Because I’ve had several boyfriends but nothing long term.

And the only similar factor in all those relationships is ME.

The other day, I took a good long look at all my failed relationships and asked myself, “WHAT HAPPENED?”

And as TEMPTED as I might be to say, “Something is obviously wrong with me” or “Something is obviously wrong with them,” the reality is NOBODY IS WRONG.

When I got married the first time, I was looking for someone with a nice ass, great cheekbones, and a decent personality.

And that’s exactly what I got.

Plus two INCREDIBLY handsome and extraordinary boys!

But I missed out on intellectual stimulation, emotional connection, and similar values.

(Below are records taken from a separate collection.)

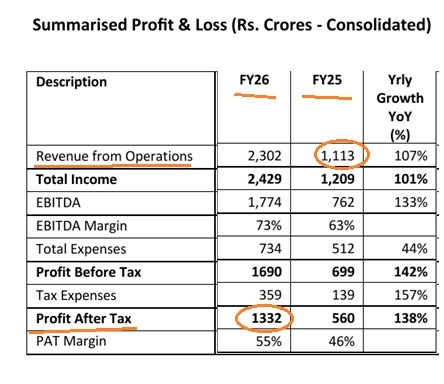MCX: What a Bumper Year looks like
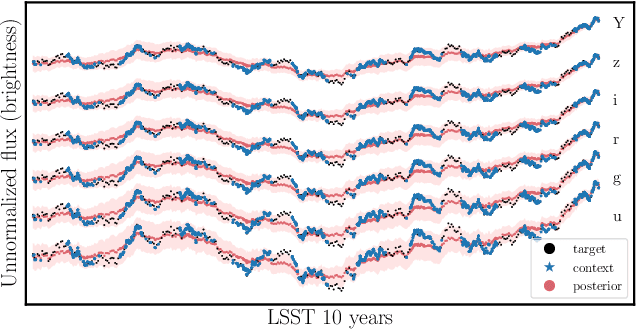 Figure 3 for Inferring Black Hole Properties from Astronomical Multivariate Time Series with Bayesian Attentive Neural Processes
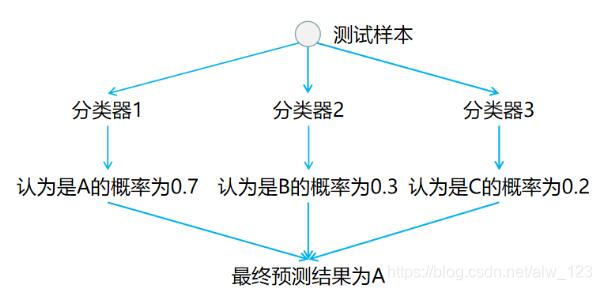 uio和vfio的区别_OvO_09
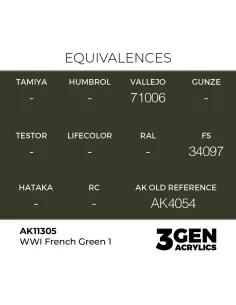 WWI French Green 1 - AK Interactive AK11305 2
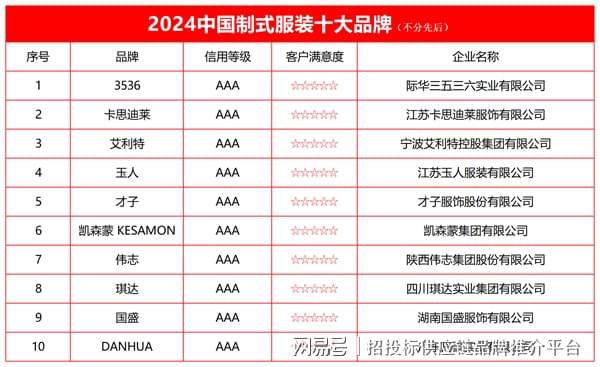 国制式服装十大品牌榜单发布ag旗舰厅注册2024中(图1)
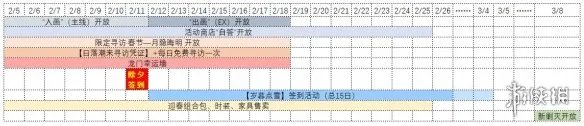 《明日方舟》春节活动福利一览 2021春节能攒多少抽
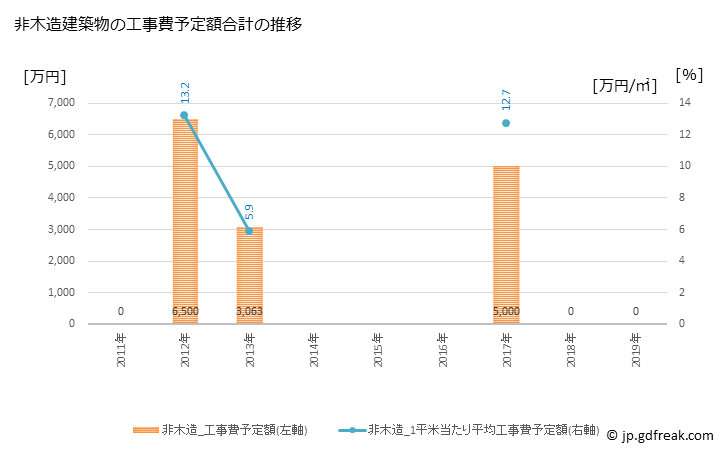 グラフ 年次 球磨村(ｸﾏﾑﾗ 熊本県)の建築着工の動向 非木造建築物の工事費予定額合計の推移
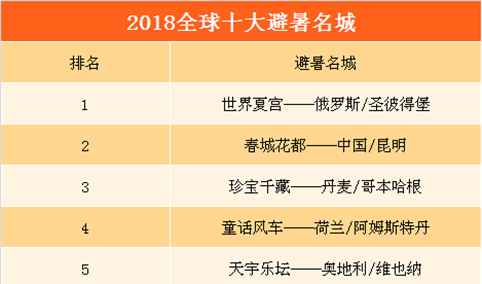 2018全球避暑名城百强榜：中国共12城上榜  圣彼得堡全球第一（附榜单）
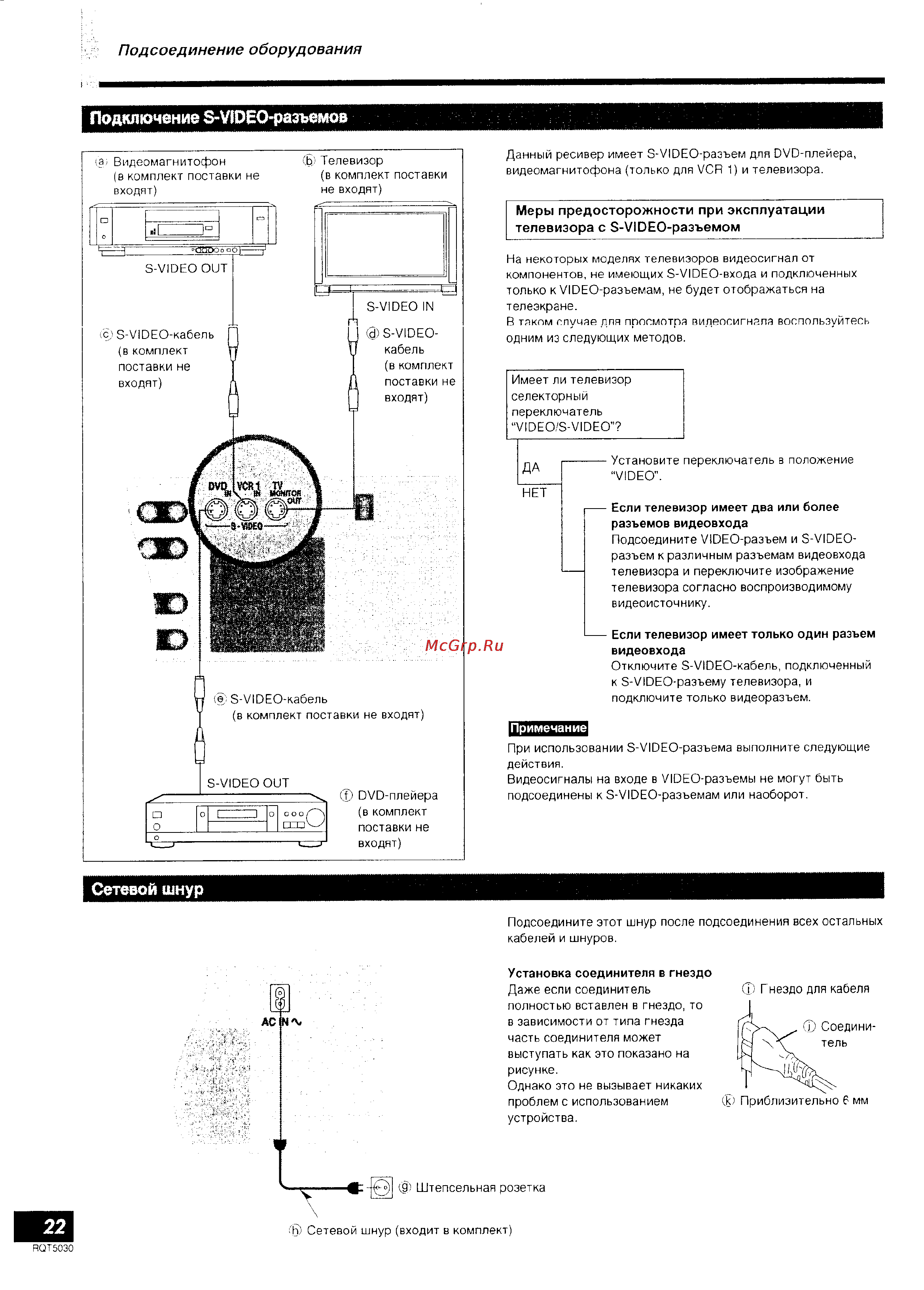 Technics SA-AX7 [11/40] Подсоединение оборудования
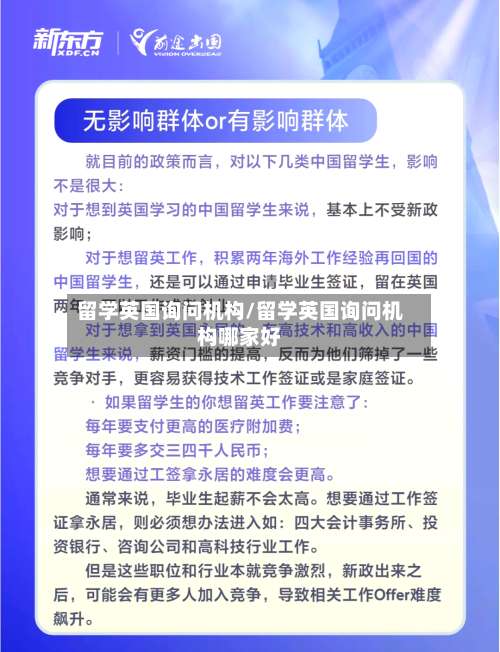 留学英国询问机构/留学英国询问机构哪家好-第2张图片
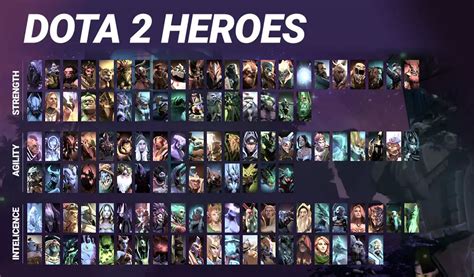 How many Heroes are playable in Dota 2? + New Heroes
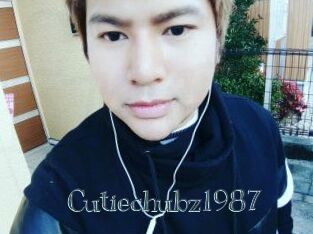Cutiechubz1987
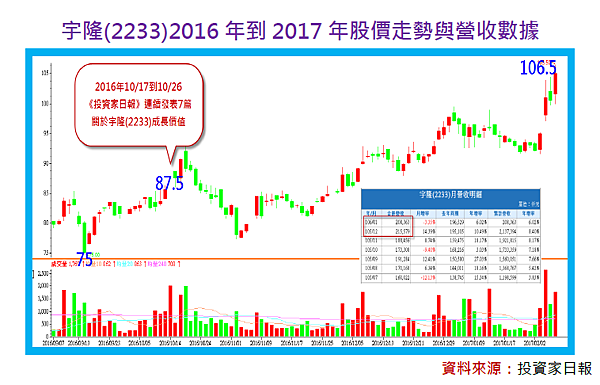 2017-2-22 下午 03-59-01 2017-2-22 下午 03-59-01
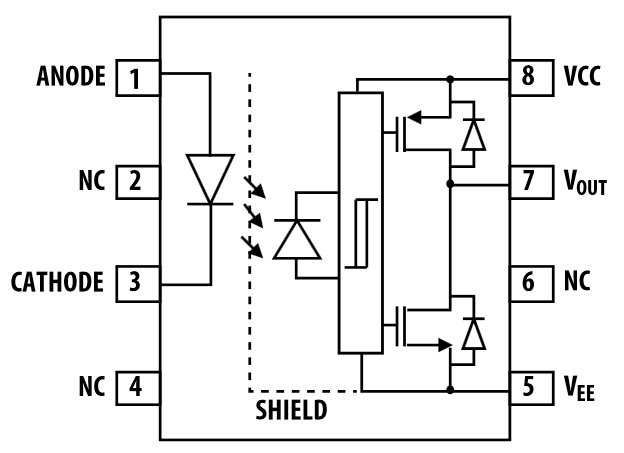 Broadcom ACPL-K34T Automotive High Output Optocoupler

And I’ve been looking for those things ever since.

Boyfriends #1, #2, and #3 may have come closer to what I’m looking for but in the end I can draw only one conclusion:

I am single because I’m smart enough to know that I haven’t met anyone yet with whom I could have a successful marriage with.

Ta da!

Nothing wrong with me.

Nothing wrong with them, although I still take offense at the one who left me during a miscarriage.

I see people ALL THE TIME who are in sucky relationships.

I occasionally wonder, “What the HELL is wrong with ME?  If SHE/HE can find a partner, why can’t I?”

And then it hits me.

I’m single because I’m BETTER AT RELATIONSHIPS, not because I suck.

And that, dear readers is a revelation.